(ASSIGNMENT):
Would you reproduce the listing exactly, leaving nothing out?
------ DATA SEGMENT
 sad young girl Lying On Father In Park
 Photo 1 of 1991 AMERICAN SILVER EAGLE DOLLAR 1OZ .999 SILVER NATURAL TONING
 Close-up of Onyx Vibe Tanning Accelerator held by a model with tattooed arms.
------------
(REPLY TO THE TASK):
 sad young girl Lying On Father In Park
 Photo 1 of 1991 AMERICAN SILVER EAGLE DOLLAR 1OZ .999 SILVER NATURAL TONING
 Close-up of Onyx Vibe Tanning Accelerator held by a model with tattooed arms.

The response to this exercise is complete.